What you will do:
Leaving out all pictures, transcribe exactly the lines between the line with "Factory Reconditioned Innovera" and the last line of the records below, both included.
*** Opening Provided data ***
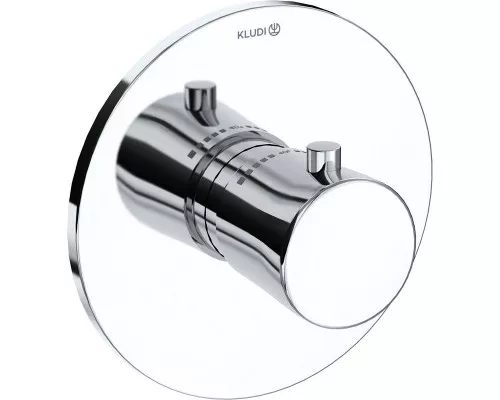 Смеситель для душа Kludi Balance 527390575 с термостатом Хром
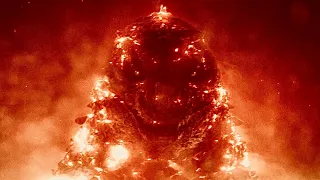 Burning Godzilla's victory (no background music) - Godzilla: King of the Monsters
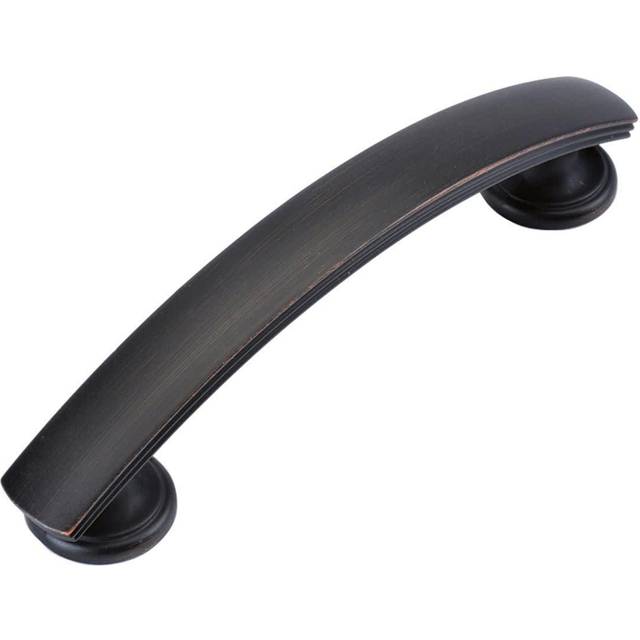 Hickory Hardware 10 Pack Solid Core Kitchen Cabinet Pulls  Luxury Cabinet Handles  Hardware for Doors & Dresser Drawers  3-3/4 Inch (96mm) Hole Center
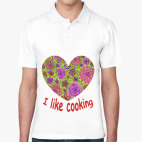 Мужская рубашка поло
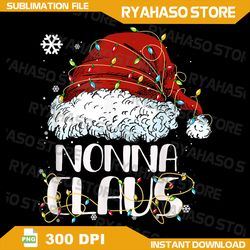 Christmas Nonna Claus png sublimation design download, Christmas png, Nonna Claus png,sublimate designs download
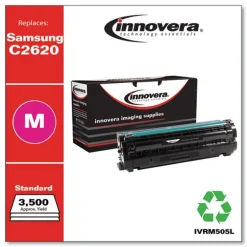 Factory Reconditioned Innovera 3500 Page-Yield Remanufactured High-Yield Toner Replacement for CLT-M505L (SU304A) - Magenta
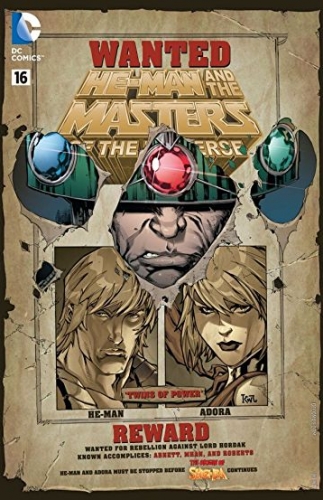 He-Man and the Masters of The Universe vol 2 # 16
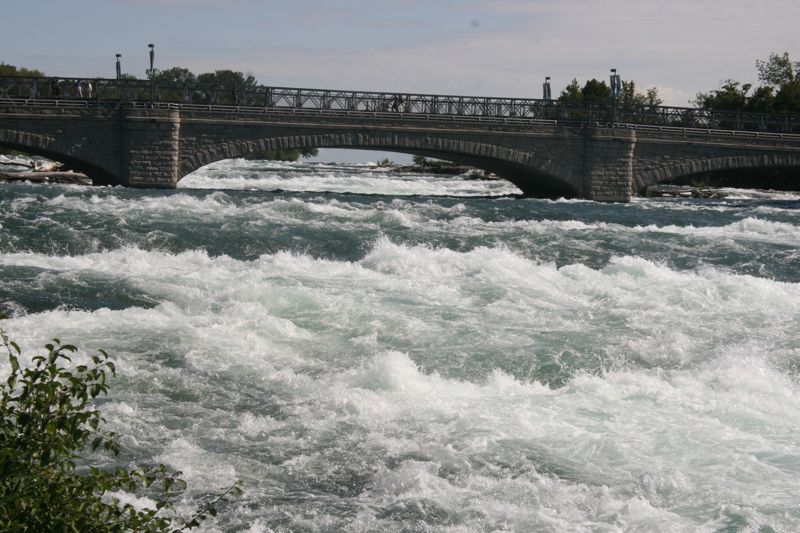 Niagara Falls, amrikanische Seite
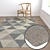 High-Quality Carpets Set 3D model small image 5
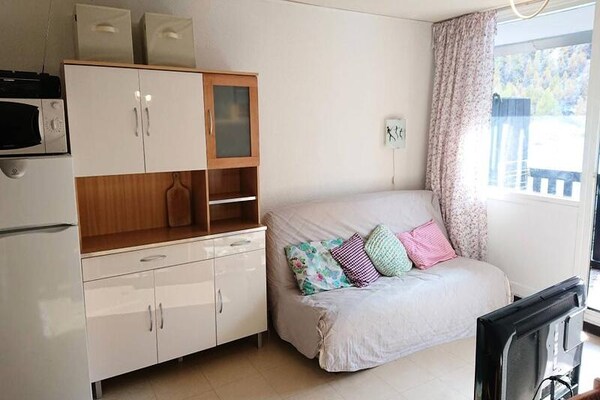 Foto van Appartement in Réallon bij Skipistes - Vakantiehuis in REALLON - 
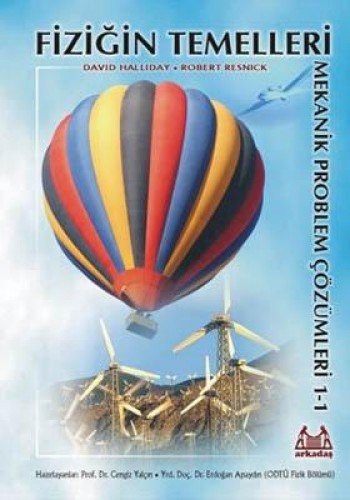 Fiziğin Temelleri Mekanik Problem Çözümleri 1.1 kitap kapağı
*** Closing Provided data ***
Response to this task:
 Factory Reconditioned Innovera 3500 Page-Yield Remanufactured High-Yield Toner Replacement for CLT-M505L (SU304A) - Magenta
 He-Man and the Masters of The Universe vol 2 # 16
 Niagara Falls, amrikanische Seite
 High-Quality Carpets Set 3D model small image 5
 Foto van Appartement in Réallon bij Skipistes - Vakantiehuis in REALLON - 
 Fiziğin Temelleri Mekanik Problem Çözümleri 1.1 kitap kapağı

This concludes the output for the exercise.